# Yay! Ziwipeak rocks! But how much?



## RosieC (Jul 6, 2010)

So after switching Alfie to Acana and then to Orijen I have given up with kibble. He just really doesn't like it and will wait all day until he's starving before he will eat it. TBH I'm not sure I blame him, it looks and smells boring!

So after reading all the reviews I decided to give Ziwipeak a go. It arrived today and so far he LOVES it! Big thumbs up on first impressions! :hello1:

My question is how much should I be feeding him? (as in how many grams total per day). He weighs about 4 lbs 12 oz, give or take, and is moderately active. He has 2 meals per day.
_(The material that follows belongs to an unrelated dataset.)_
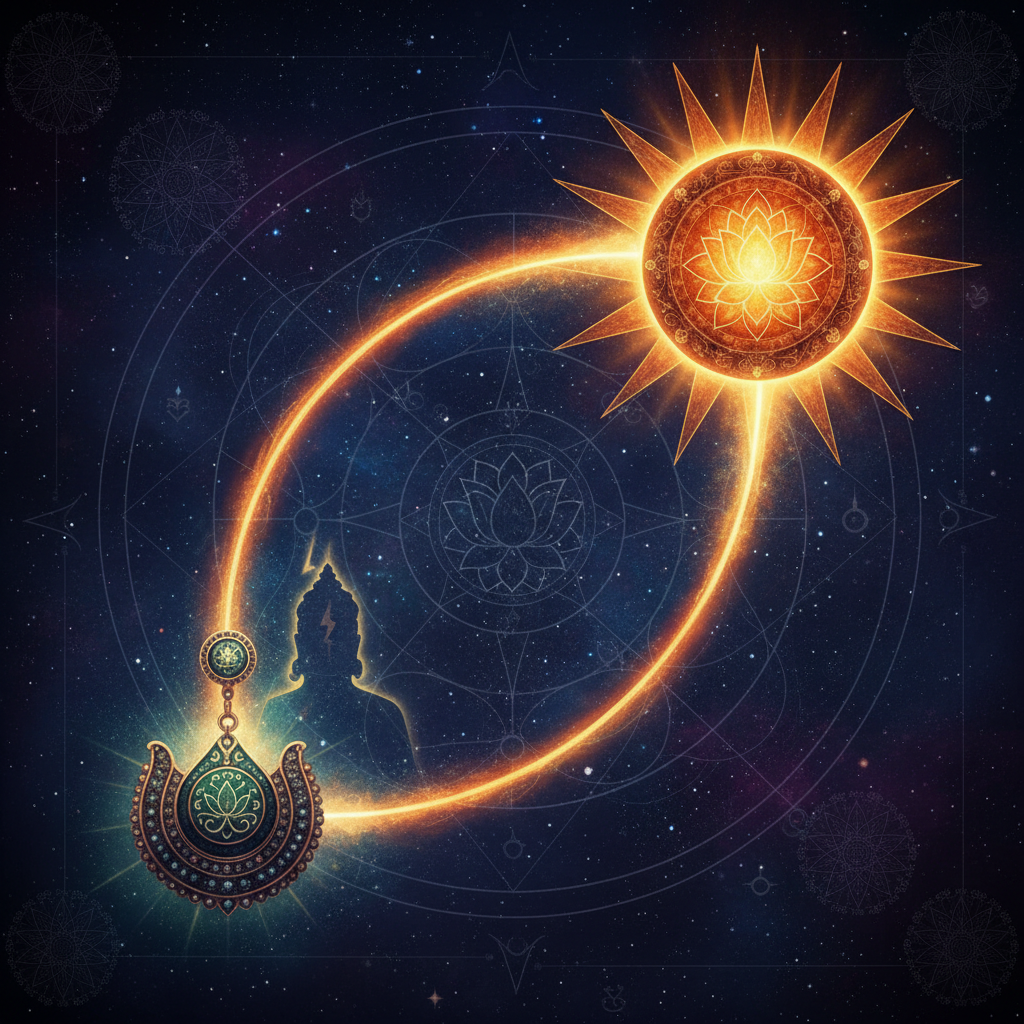 Sun in Jyeshtha Nakshatra — Indra (king of gods) deity, seniority, power, protection, eldest quality, Vedic astrology effects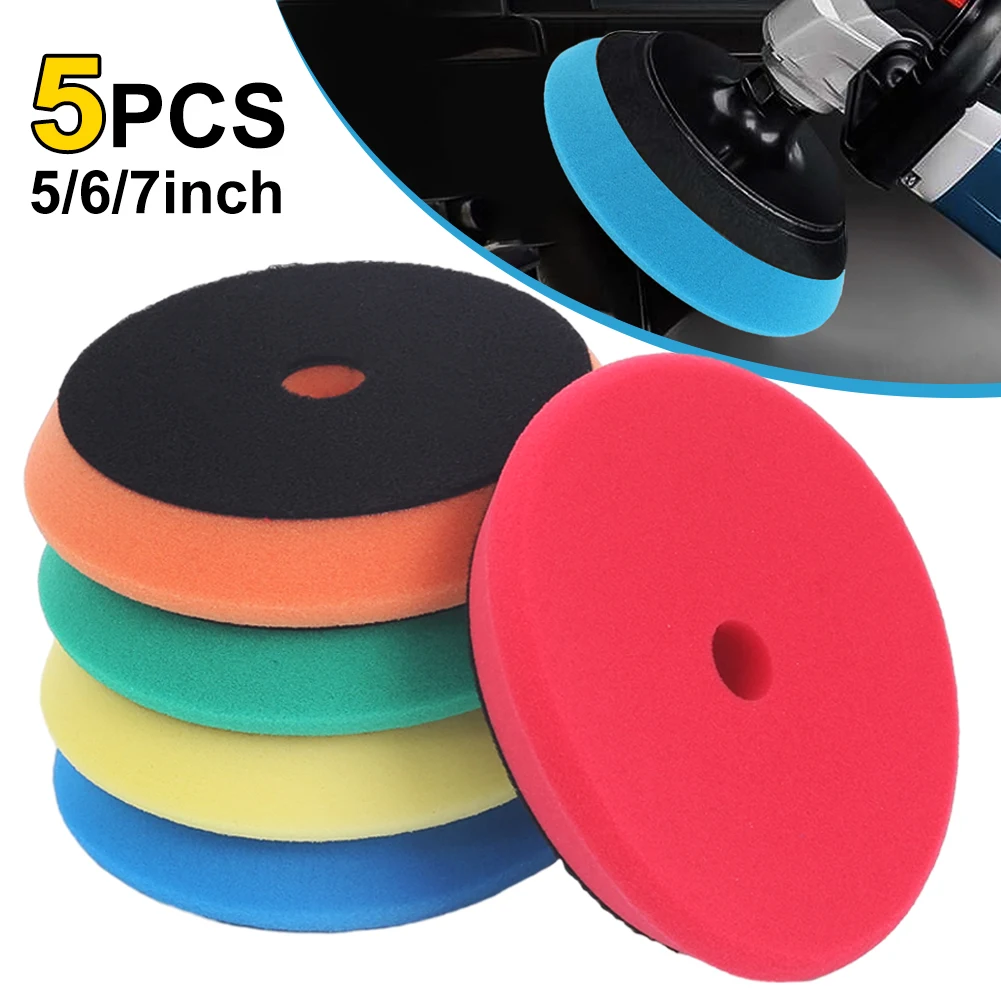 

5/6/7 Inch Compound Buffing Polishing Pad Sponge Wheel Buffing Pads Angle Grinder Car Paint Care Polisher Pads Car Accessories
I know I can work it out approximately using the guide on the back, but just wanted your experience/advice on how much you feel he would need per day?

Thanks.


----------



## N*T*M*4U (Nov 10, 2008)

I'm feeding all my almost the same.....here is the pictures....I do add a spoon of the Ziwi canned with the food and also a little water.....I do weight them almost everyday and their weight are good ...


----------



## flippedstars (Dec 16, 2009)

Its so sad how little of this food they get  *sniffle*


----------



## N*T*M*4U (Nov 10, 2008)

flippedstars said:


> Its so sad how little of this food they get  *sniffle*


tell me about it......I weight him like every morning cause I'm scare he might lose or gain weight.....lol..

I forgot to mention that I feed the chis 2 times a day.....


----------